150                                       Mr Blackwood was first retained in early 2003 by the Minnie Myboogundji group in relation to a claim over the Boodjamulla (Lawn Hill) National Park under the Aboriginal Land Act 1991 (Qld) (the “ALA claim”).  His draft report was presented to the Minnie family at a meeting in Mt Isa in March 2005.  Mr Blackwood has undertaken no further funded research in relation to either the ALA claim or the present proceedings.  Mr Blackwood’s conclusions appear at paras 77 and 78 of his report as follows:

77        I cannot say for certain that Minnie was Waanyi, but it is my concluded view that the weight of what I have learnt about Minnie and her descendants strongly supports the likelihood that she was a Waanyi woman.  Furthermore, I can say that the kind of information and the sources reviewed in this report which lead me to this conclusion are, in my experience with other Aboriginal groups in North Queensland and elsewhere, typical of the sorts of information Aboriginal people characteristically put forward to establish a person’s traditional affiliation to groups and country.  In other situations of my experience, where senior traditional owners, even when these may have been few in number, have shown a knowledge of a person’s identify and affiliation their opinion has been accepted by other members of the group as sufficient basis to accept the person or persons into the group.

78        With regard to Minnie’s descendants, it is my opinion that under the set of principles of Waanyi recruitment by descent from a Waanyi ancestor spelled out in the connection report, it follows that if Minnie was in all likelihood Waanyi, then so too will her descendants be.  The fact that her descendants are recognized by some Waanyi people, including senior Waanyi people, is both a recognition that Minnie herself was Waanyi and an acknowledgement that this identity has been passed down to her descendants.

151                                       Mr Blackwood takes issue with the formulation of the test of Waanyi identity advanced by Professor Trigger and supported by Dr Martin.  He starts by referring to the following passage from the Trigger and Fietz report:

Waanyi people are acknowledged members of this group on the basis of an ancestral link to one or more known Waanyi forebears.  Common descent from an “apical genealogical referent” (Trigger 1982:14) is typically traceable following back through a number of generations.  The structure of the Waanyi group today, involving large extended families, is framed by reference to these Waanyi forebears.  Furthermore, these deceased Waanyi ancestors are associated with particular areas of land or “countries” across the native title claim area.

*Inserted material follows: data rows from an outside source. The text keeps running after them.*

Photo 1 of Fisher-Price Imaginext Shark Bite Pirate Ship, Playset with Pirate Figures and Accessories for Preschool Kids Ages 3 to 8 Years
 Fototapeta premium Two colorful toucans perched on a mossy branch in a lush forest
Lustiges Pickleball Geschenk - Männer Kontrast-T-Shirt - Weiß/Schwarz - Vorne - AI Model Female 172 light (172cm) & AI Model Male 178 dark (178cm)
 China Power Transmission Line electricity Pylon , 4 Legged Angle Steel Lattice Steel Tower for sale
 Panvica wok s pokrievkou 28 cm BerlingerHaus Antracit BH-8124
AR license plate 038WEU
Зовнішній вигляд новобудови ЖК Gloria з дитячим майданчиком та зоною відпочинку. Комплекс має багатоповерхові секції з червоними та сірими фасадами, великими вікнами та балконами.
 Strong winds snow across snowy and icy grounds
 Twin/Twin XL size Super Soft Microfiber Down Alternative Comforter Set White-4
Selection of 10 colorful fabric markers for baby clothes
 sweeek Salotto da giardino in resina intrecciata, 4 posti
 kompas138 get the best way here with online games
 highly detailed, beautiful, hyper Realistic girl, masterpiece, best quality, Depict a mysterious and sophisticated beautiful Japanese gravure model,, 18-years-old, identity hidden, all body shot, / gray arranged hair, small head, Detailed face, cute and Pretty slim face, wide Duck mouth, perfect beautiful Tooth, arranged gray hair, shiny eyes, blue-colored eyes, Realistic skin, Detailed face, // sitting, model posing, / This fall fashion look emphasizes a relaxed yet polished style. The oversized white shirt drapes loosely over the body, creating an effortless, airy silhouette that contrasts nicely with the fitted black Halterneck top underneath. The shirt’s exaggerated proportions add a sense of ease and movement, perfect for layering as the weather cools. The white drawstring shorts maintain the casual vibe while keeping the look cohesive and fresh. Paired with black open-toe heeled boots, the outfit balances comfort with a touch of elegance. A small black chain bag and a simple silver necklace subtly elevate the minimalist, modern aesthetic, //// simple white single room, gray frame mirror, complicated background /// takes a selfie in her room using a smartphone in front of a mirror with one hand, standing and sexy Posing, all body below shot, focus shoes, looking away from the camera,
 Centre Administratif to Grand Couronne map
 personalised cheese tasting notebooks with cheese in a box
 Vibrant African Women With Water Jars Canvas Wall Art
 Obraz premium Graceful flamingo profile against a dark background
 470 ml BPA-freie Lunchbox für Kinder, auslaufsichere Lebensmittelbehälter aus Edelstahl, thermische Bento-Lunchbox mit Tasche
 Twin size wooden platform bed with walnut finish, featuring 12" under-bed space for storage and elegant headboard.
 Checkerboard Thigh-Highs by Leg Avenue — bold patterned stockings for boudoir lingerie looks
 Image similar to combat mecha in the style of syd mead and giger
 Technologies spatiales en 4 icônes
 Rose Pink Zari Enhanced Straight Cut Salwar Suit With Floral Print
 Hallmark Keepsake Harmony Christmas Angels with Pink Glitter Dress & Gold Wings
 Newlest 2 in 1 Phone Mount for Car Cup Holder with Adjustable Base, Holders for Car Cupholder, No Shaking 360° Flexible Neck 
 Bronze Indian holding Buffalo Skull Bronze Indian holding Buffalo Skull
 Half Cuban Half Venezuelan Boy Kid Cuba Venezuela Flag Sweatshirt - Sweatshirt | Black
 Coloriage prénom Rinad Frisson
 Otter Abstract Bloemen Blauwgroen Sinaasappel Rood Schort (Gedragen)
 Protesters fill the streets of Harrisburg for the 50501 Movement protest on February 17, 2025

152                                       Mr Blackwood accepts this definition as being typical of his experience with Aboriginal groups generally and consistent with the literature concerning the Waanyi people.  He describes it as a “prescriptive descent model” which is based upon principles of long-standing and accepted by the Waanyi people generally.  At para 482 he continues:

Recently I have come to learn that the applicants have put forward some additional criteria which I would describe as “interactional” rather than ones based upon a long standing set of principles or rules.  These criteria are addressed in the expert opinion reports by Professor Trigger and Dr. Martin, and comprise what Professor Trigger glosses as “assertion, self identification and collective acceptance …” .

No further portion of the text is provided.